Exercise goal ::
Retype exactly what appears below from the line containing "Фото из портфолио" down to the line containing "Snorkelling in Malta", keeping both end lines. Do not include pictures.

Raw data ::
========================
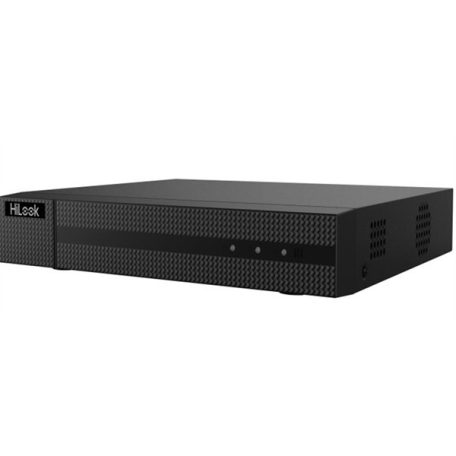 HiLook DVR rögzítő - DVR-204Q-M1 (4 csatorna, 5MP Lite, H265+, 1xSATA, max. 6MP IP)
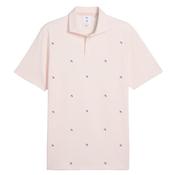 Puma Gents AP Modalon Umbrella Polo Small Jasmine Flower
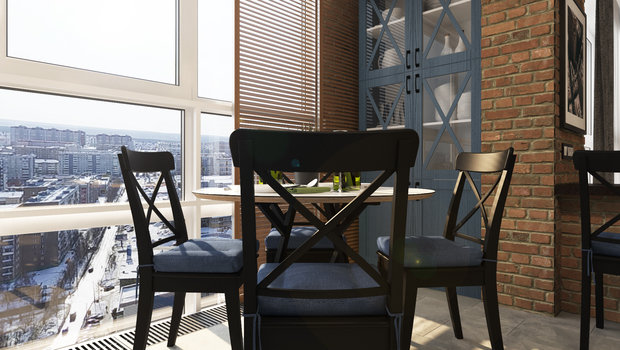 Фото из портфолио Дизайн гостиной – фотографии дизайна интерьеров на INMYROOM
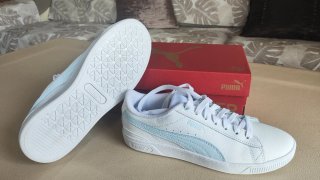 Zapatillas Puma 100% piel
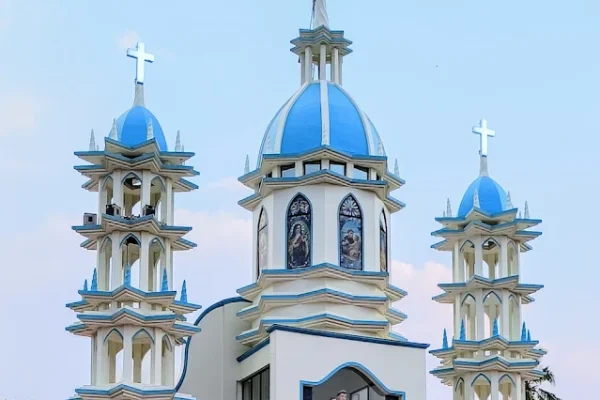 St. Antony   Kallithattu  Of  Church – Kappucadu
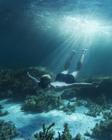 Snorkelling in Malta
========================
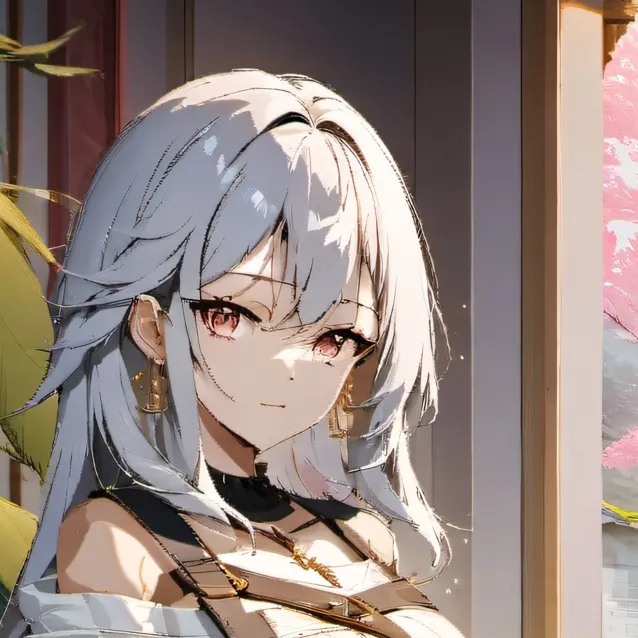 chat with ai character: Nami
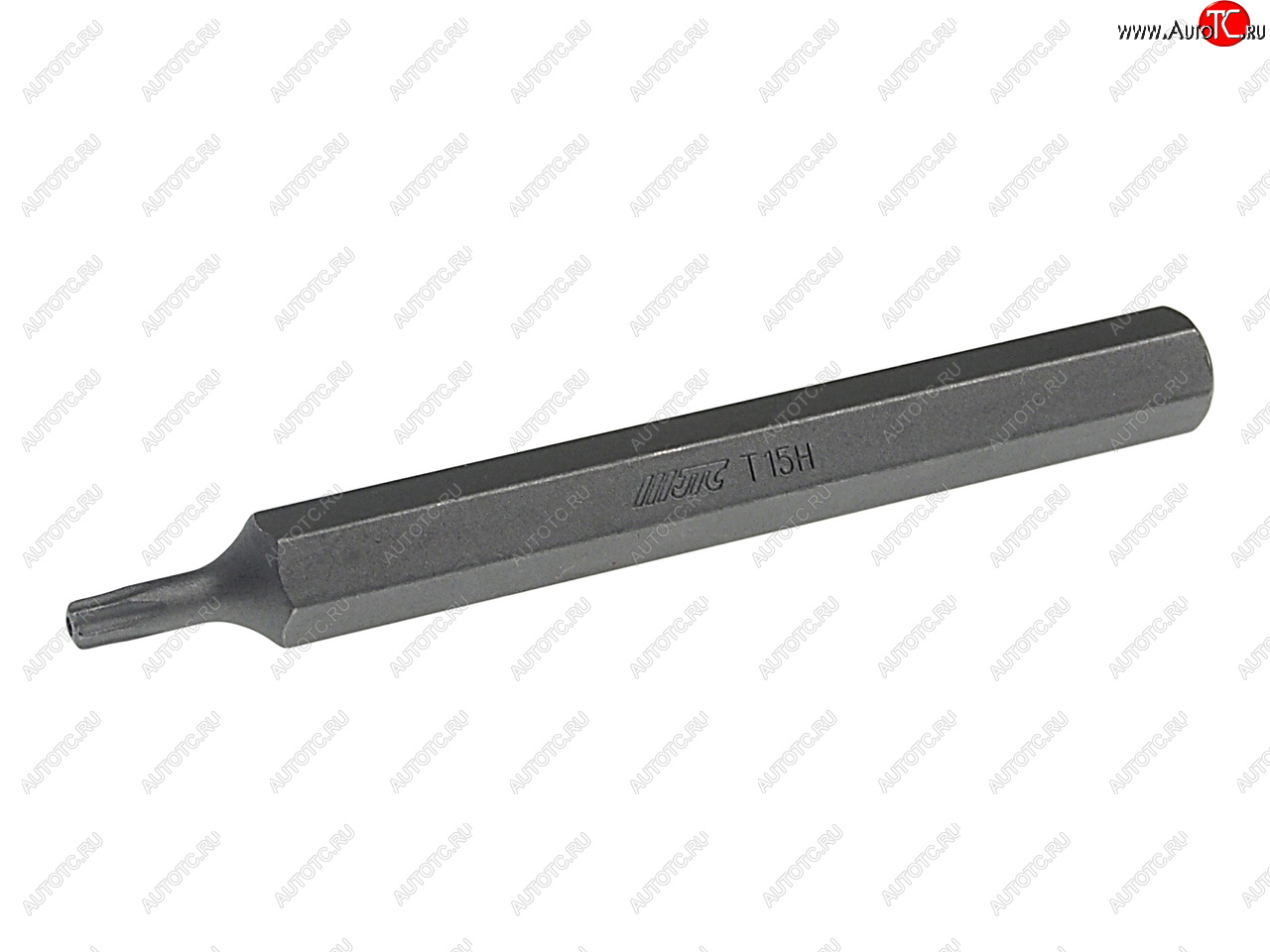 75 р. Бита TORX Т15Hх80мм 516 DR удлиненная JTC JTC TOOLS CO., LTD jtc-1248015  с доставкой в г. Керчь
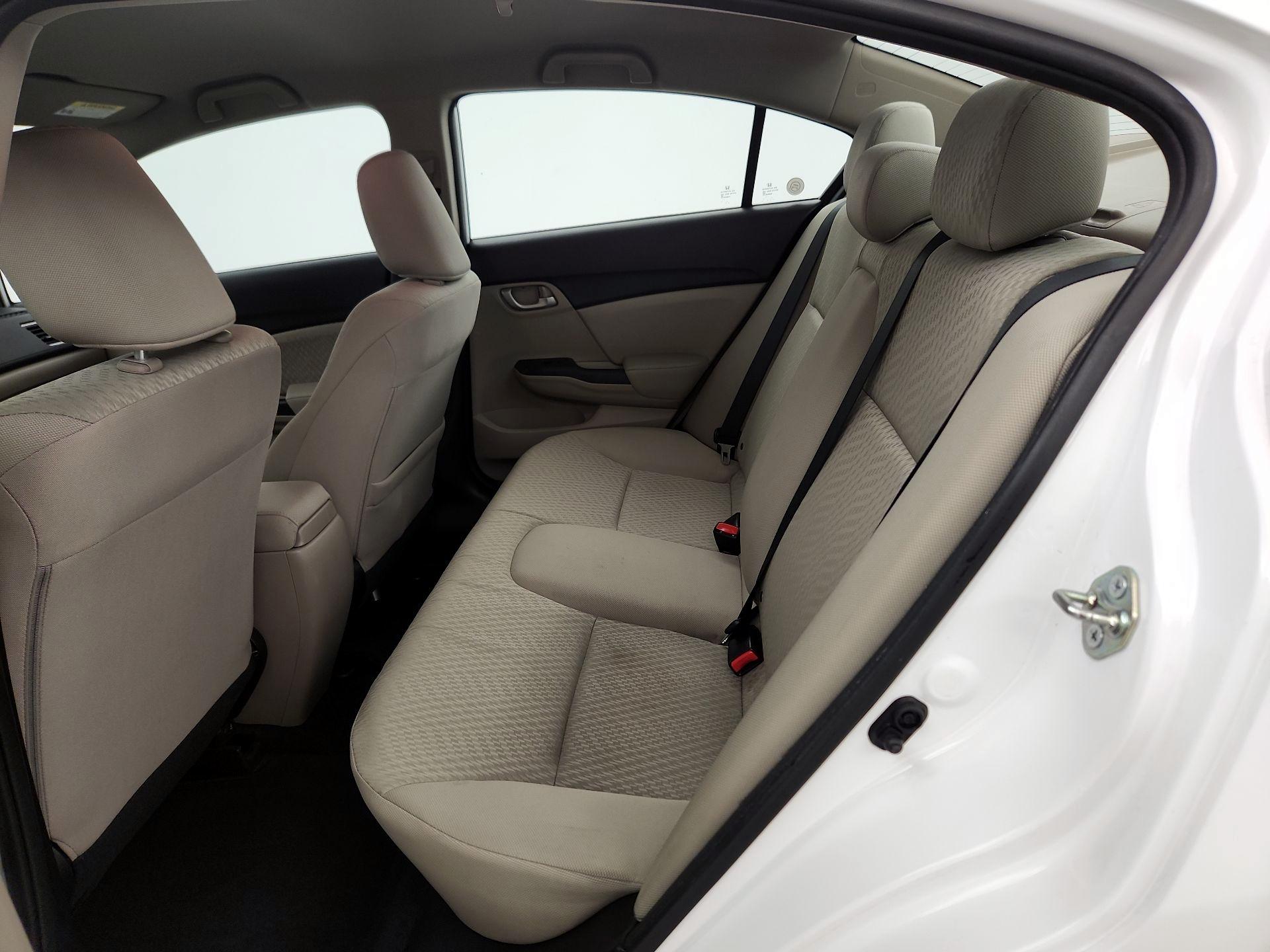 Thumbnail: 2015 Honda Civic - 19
========================
Exercise result ::
 Фото из портфолио Дизайн гостиной – фотографии дизайна интерьеров на INMYROOM
 Zapatillas Puma 100% piel
 St. Antony   Kallithattu  Of  Church – Kappucadu
 Snorkelling in Malta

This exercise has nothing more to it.